▸ **Data under study**:

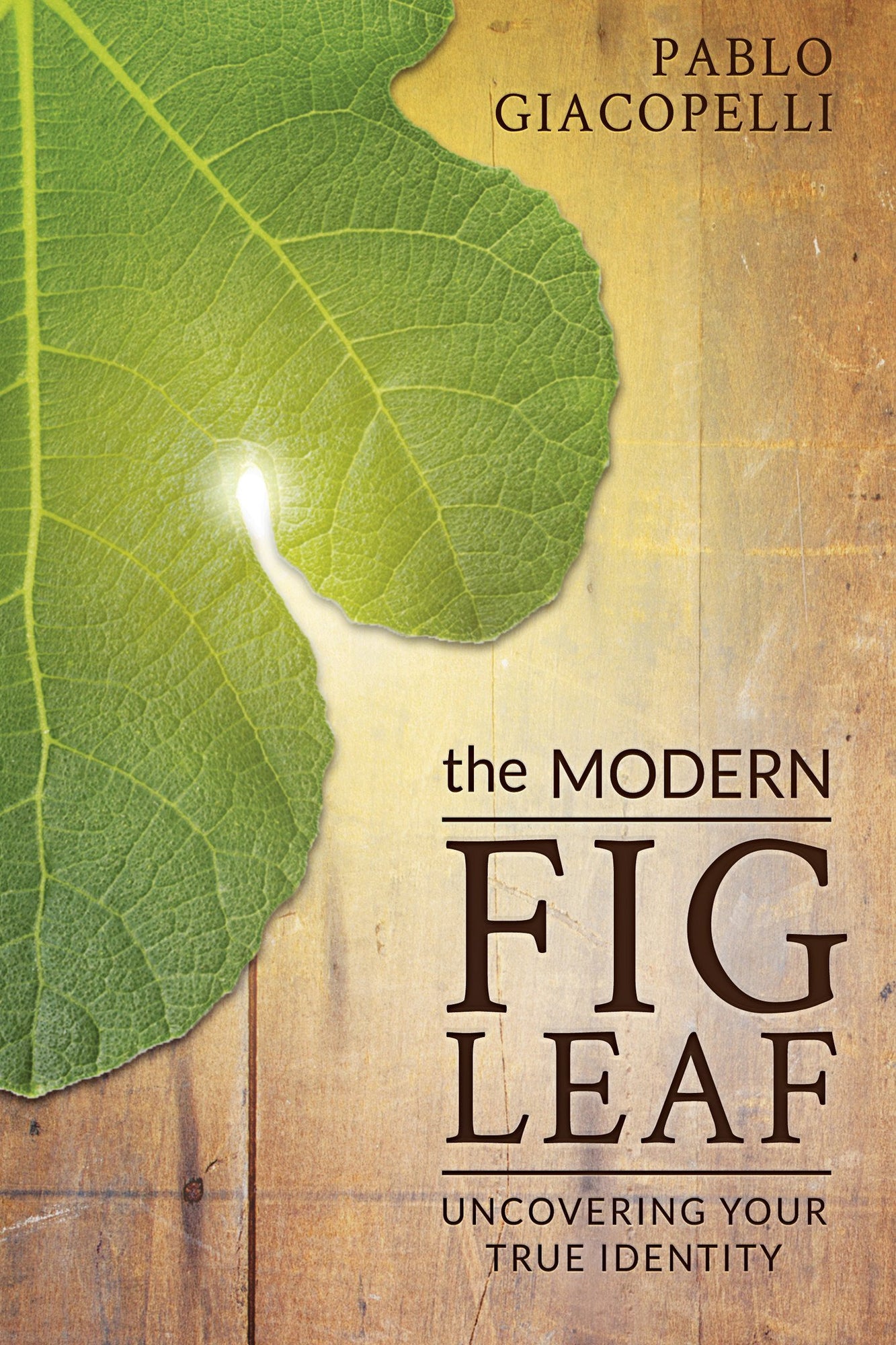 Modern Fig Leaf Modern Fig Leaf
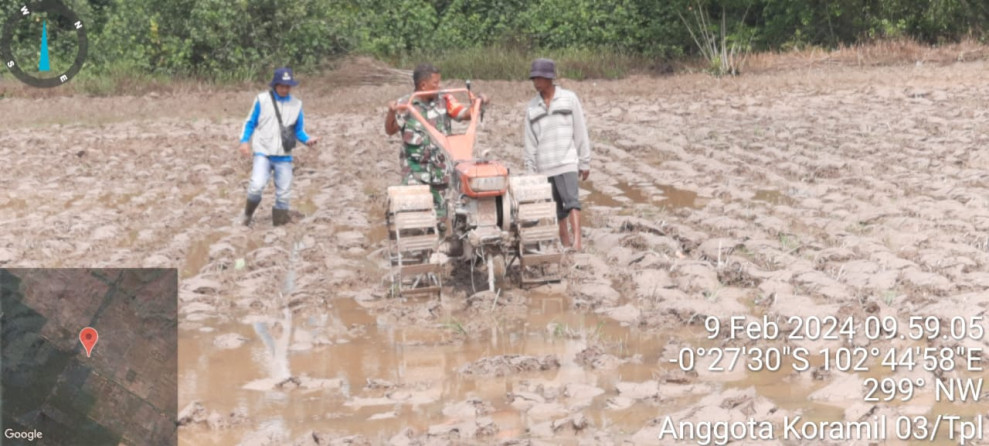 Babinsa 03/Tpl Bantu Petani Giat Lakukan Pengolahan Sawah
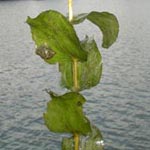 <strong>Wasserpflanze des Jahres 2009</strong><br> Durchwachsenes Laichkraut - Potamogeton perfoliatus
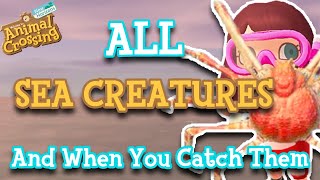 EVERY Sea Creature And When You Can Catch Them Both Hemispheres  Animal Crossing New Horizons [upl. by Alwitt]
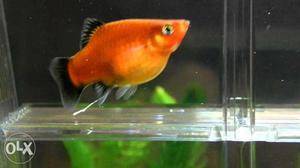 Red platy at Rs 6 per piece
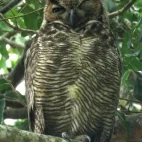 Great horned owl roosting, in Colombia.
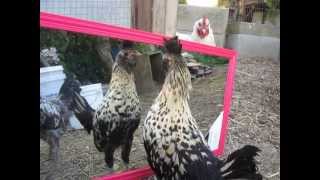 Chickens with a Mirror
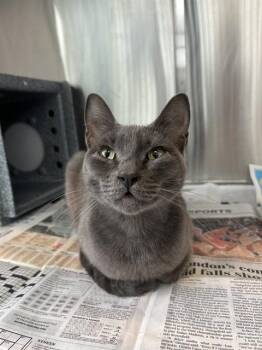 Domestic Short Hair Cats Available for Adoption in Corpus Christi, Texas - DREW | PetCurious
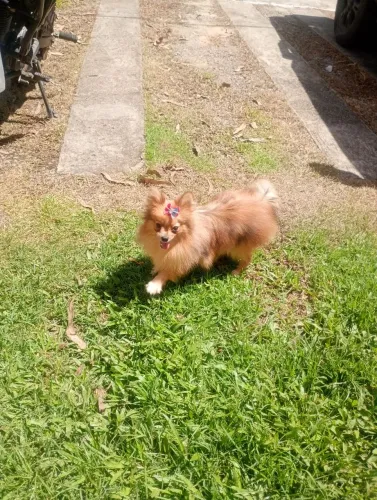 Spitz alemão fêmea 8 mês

▸ **Work to complete**: Leaving the pictures out, print every line of the listing exactly.

▸ **Answer section**:
 Modern Fig Leaf Modern Fig Leaf
 Babinsa 03/Tpl Bantu Petani Giat Lakukan Pengolahan Sawah
 <strong>Wasserpflanze des Jahres 2009</strong><br> Durchwachsenes Laichkraut - Potamogeton perfoliatus
 EVERY Sea Creature And When You Can Catch Them Both Hemispheres  Animal Crossing New Horizons [upl. by Alwitt]
 Red platy at Rs 6 per piece
 Great horned owl roosting, in Colombia.
 Chickens with a Mirror
 Domestic Short Hair Cats Available for Adoption in Corpus Christi, Texas - DREW | PetCurious
 Spitz alemão fêmea 8 mês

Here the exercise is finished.